> **REQUIREMENT**
The output is a word-for-word repeat of the listing below, free of images.
=== EXERCISE INPUTS ===
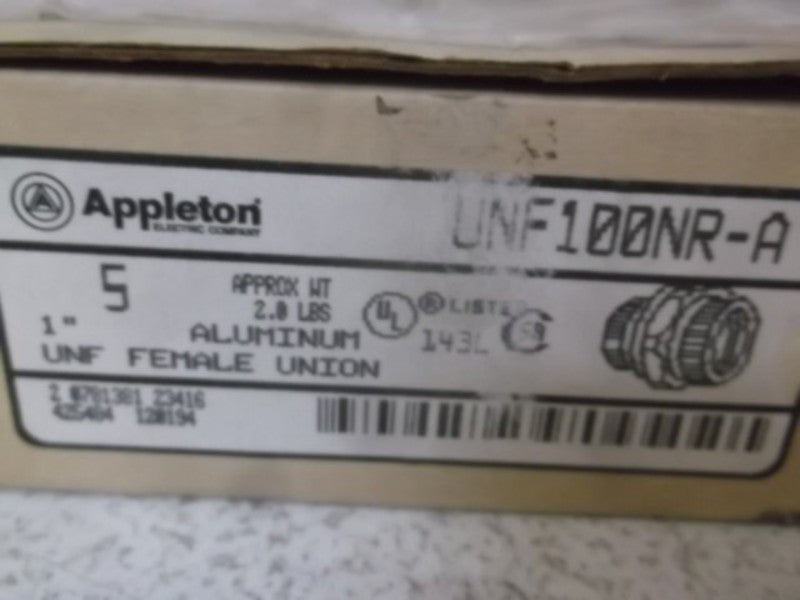 LOT OF 5 APPLETON UNF100NR-A 1" ALUMINUM FEMALE UNION CONNECTOR *NEW IN BOX*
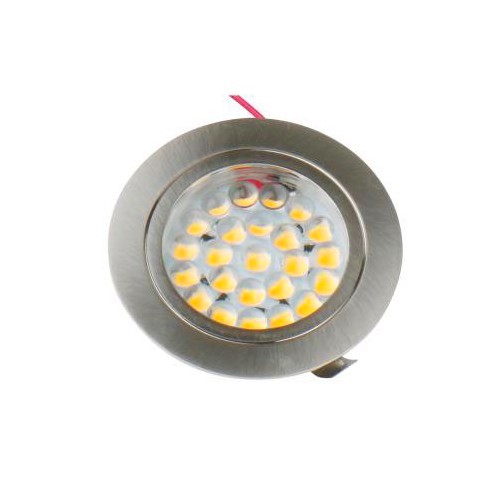  Foco empotrado fijo de luz LED de 1,7 W 12 V - acabado de acero inoxidable cepillado - CT10742 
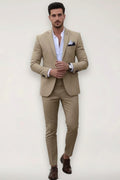 Finley | Men's Slim Fit Suit Set, Tailored Blazer Suit | Bella Blue | Khaki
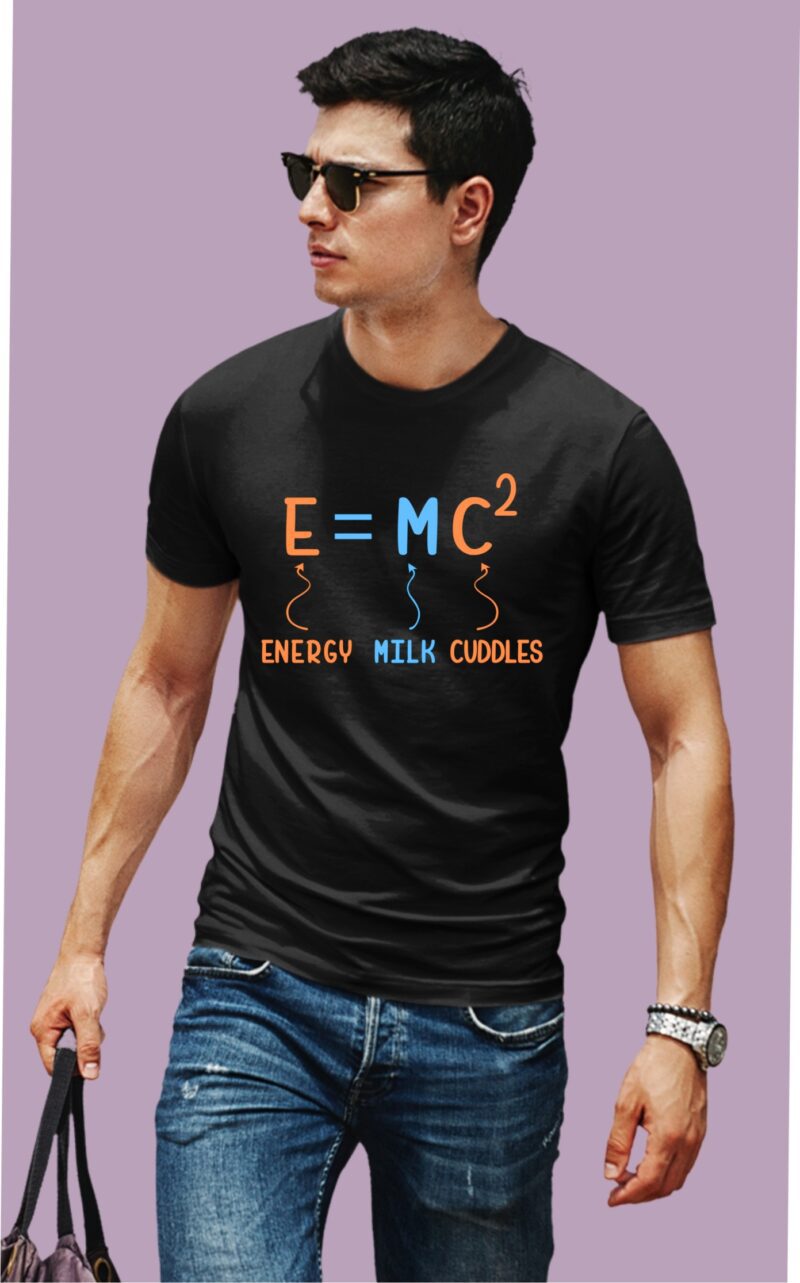 E=mc2 Energy Milk Cuddles Cotton Printed Unisex T shirt - Image 3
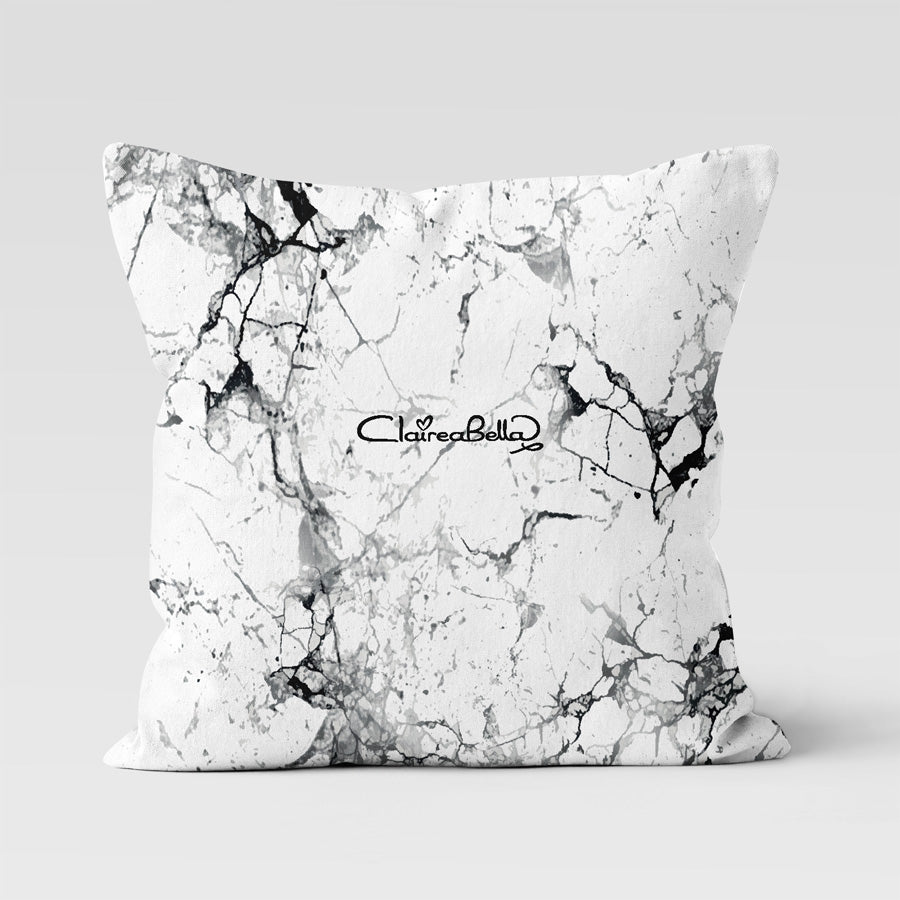 ClaireaBella Personalised LUX Black and White Marble Cushion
===
> **EXERCISE SOLUTION**
 LOT OF 5 APPLETON UNF100NR-A 1" ALUMINUM FEMALE UNION CONNECTOR *NEW IN BOX*
  Foco empotrado fijo de luz LED de 1,7 W 12 V - acabado de acero inoxidable cepillado - CT10742 
 Finley | Men's Slim Fit Suit Set, Tailored Blazer Suit | Bella Blue | Khaki
 E=mc2 Energy Milk Cuddles Cotton Printed Unisex T shirt - Image 3
 ClaireaBella Personalised LUX Black and White Marble Cushion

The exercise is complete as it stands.